Wladimir WeltmanReprodução

"Qualquer minoria tem a obrigação de manter viva as memórias das injustiças. Todos sabiam o que Hitler pensava (escreveu um livro sobre isso), e o que começou a acontecer com a população judaica alemã, assim que ele tomou o poder, mesmo antes do início da Segunda Guerra Mundial. A grande maioria do mundo apenas escolheu se manter silenciosa a respeito. Deu no que deu...", comenta o jornalista, escritor e roteirista Wladimir Weltman. 

Para ele, há algo de obscuro em quem põe em dúvida os feitos de Aracy de Carvalho, intenção que pipocou na mídia quando a minissérie foi ao ar. "Quanto àqueles que tentam minimizar os feitos de Aracy e sua importância na sobrevivência de judeus naquele período, obviamente há uma agenda escondida", sugere Weltman. "O Yad Vashem, o museu do Holocausto em Israel, prestigiou Aracy como sendo uma 'justa' (um conceito judaico sobre o ideal que todo ser humano deve tentar imitar). É a instituição mais eficiente para estudo do Holocausto no mundo, não tem uma agenda oculta. Eles homenageiam sinceramente aqueles que realmente salvaram vidas judaicas. Tenham sido 100 ou 1 só, porque uma vida humana vale tanto quanto toda a humanidade."
União que fez florescer as Artes e Ciências
Nascido no Rio, Weltman hoje vive com a família em Los Angeles, onde prepara um documentário sobre os primeiros judeus da América do Norte. "Os 23 primeiros judeus que aportaram na ilha de Manhattan, quando ainda era uma colônia holandesa, foram judeus brasileiros/portugueses fugidos do Recife, depois que a cidade foi reconquistada pelos Portugueses em 1654", conta. 

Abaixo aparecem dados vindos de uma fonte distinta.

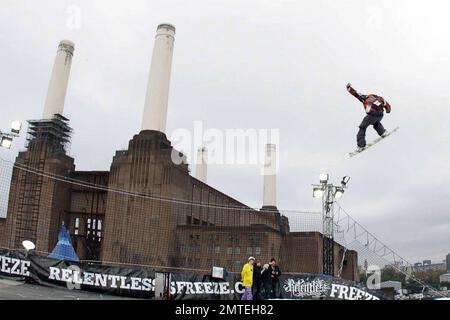 Sciatori e snowboarder si allenano per l'inesorabile Freeze Festival 2010 presso la centrale elettrica di Battersea, che si svolge fino al 31 ottobre. Londra, Regno Unito. 10/29/10. . Foto Stock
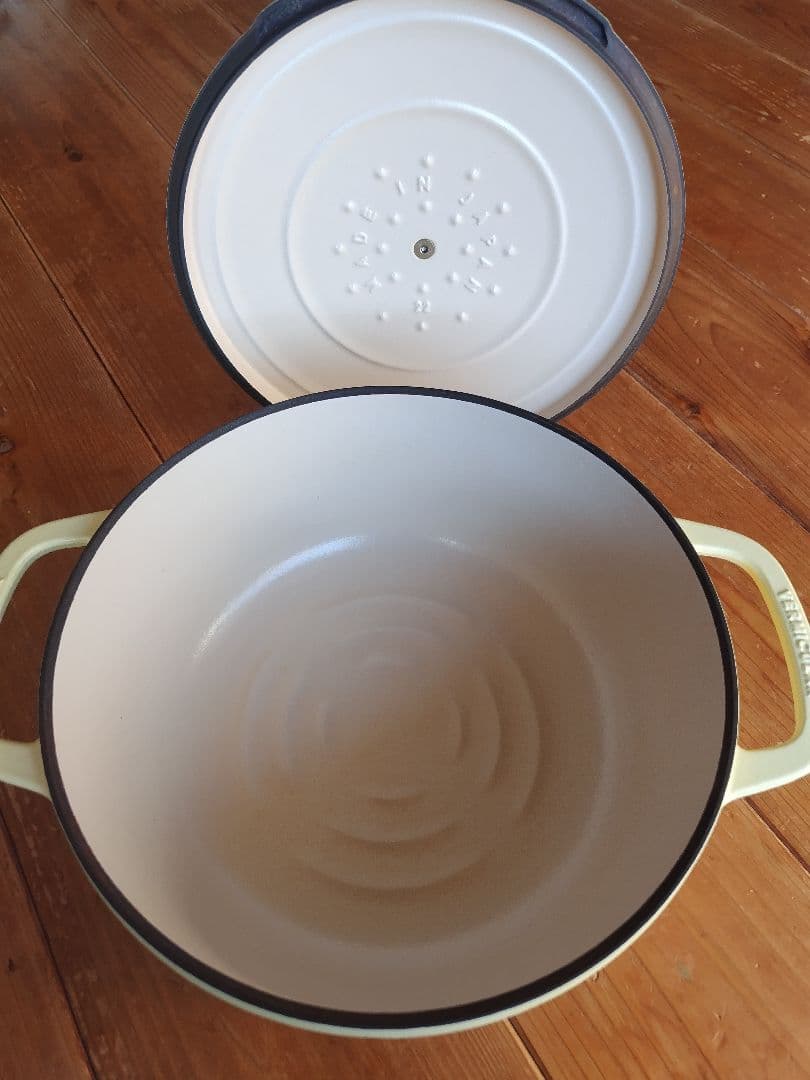 バーミキュラオーブンポット2 22cm　美品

O roteirista adianta que o documentário trará dados surpreendentes sobre os judeus do Brasil. Ele entrevistou a recém-falecida historiadora da USP Anita Novinsky.
"Ela me afirmou já ter provado que 30% da população do Brasil colonial era de origem judaica. Mas que tinha certeza de que esse número era muito maior. Provavelmente 60%. E que a colonização do Brasil, desde o seu início, foi de judeus da Península Ibérica, que habitavam a região desde muito antes do nascimento de Portugal e Espanha. E que, durante séculos conviveram com visigodos, romanos, muçulmanos e cristãos em relativa harmonia. Foi uma era de ouro para as ciências e as artes; muçulmanos e judeus recuperaram para o mundo ocidental a literatura e a filosofia grega, que o mundo medieval havia apagado. E os judeus da Península geraram sábios nas ciências, no comércio, na literatura e na poesia. A maioria dos sábios da Escola de Sagres eram de origem judaica. E tudo isso terminou com a expulsão dos judeus da Península, as conversões forçadas e a Inquisição", revela Wladimir Weltman.